Der Klein Report hat am Freitag bei RSI-Direktor Maurizio Canetta nachgefragt. Dieser erklärte, dass es unter anderem eine Konzessionsänderung und Umschulungsprogramme für die Mitarbeitenden sowie den Ausbau von Breitband brauche. Bei der Gruppo mediaTI läuteten danach die Alarmglocken.
Moreno Cavaliere, Delegierter Corriere del Ticino/MediaTI Marketing SA (Gruppo mediaTI) in Muzzano/Lugano, macht im Namen des Unternehmens im Klein Report eine Replik: «RSI ist also beauftragt, ihren zweiten Sender einzustellen und als reines Web-Produkt im Markt zu lancieren. Nicht in erster Linie um Kosten einzusparen, sondern um den neuen Bedürfnissen der Bevölkerung, insbesondere den Jungen, Rechnung zu tragen. Dabei soll kein Geld eingespart werden und keine Leute abgebaut werden, sondern die bestehenden Mitarbeiter sollen umgeschult werden auf die neuen Technologien. Kostenpunkt dieser Aktion dürfte bei drei Millionen Franken liegen. Gleichzeitig verzichtet man mit der Schliessung des Senders RSI La 2 auf die Werbeeinnahmen von etwa 2,0 Millionen Franken, die man mit der Vermarktung von RSI La 2 bisher generieren konnte. Da drängt sich natürlich die Frage auf, wer dies bezahlen soll?
Entweder erhöht das Schweizer Radio und Fernsehen (SRF) den internen Anteil für die Südschweiz, was wenig Sinn macht, da der Anteil heute schon überproportional hoch ist und beim Spardruck, der auf SRF lastet, auch kaum glaubwürdig scheint. Oder die viel naheliegendere Möglichkeit, dass man mit der Lancierung des neuen digitalen Angebotes versucht, die rechtlichen Einschränkungen - keine Onlinewerbung bei der SRG - sowie für deren neue Vermarktungsorganisation Admeira, zu knacken.
Mehrfach betonte RSI-Direktor Maurizio Canetta, dass dies kein Pilotprojekt für die Schweiz sei, wie er gegenüber dem Klein Report am Freitag sagte, sondern eine massgeschneiderte Lösung fürs Tessin.
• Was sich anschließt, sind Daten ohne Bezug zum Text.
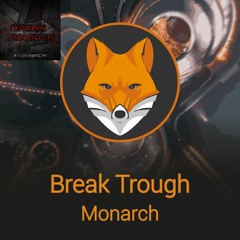 Monarch - Break Through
Und selbstverständlich müssten für einen erfolgreichen Start im Jahr 2020 die Rahmenbedingungen geändert werden. Also eine neue Konzessionsvergabe für SRF sowie die Aufhebung des Werbeverbotes - für Online-Werbemärkte bei SRF und Admeira!
Genau darin liegt aber die Krux. Es scheint, dass sich das Schweizer Radio und Fernsehen nun auf verschiedenen Wegen drauf und dran macht, in diese Märkte einzudringen und damit die privaten Medienhäuser noch heftiger als bisher zu attackieren. Und dies kann nicht im Interesse der Allgemeinheit sein.
Wie stellt sich nun ein privates Medienhaus diesen Herausforderungen? Grundsätzlich sei betont, dass man aus publizistischer Sicht dieses Experiment der RSI mit Interesse verfolgt. Aber aus Sicht der Werbemärkte ist es unabdingbar, dass die geltenden Richtlinien eingehalten werden.
Die MediaTI Holding als grösstes, privates Medienunternehmen mit 200 Mitarbeiterinnen und Mitarbeitern kämpft gegen die RSI, die mit über 1100 Angestellten arbeitet, auf einem überschaubaren Markt mit etwa 300 000 Einwohnerinnen und Einwohnern - und das mit absolut ungleich langen Spiessen an allen Fronten.
Wenn da nun der RSI auch noch die Zugänge in neue Zukunftsmärkte geöffnet werden, wird der Überlebenskampf für die privaten Häuser bedrohlich. Nicht nur im Tessin. Und wenn Maurizio Canetta meint, dass seine Ressourcen mit über 1100 Mitarbeitenden schon heute nicht ausreichen um zwei Sender und ein Webangebot zu bedienen, stellt man sich natürlich schon ein paar Fragen wohin die Reise von SRF und RSI gehen soll.»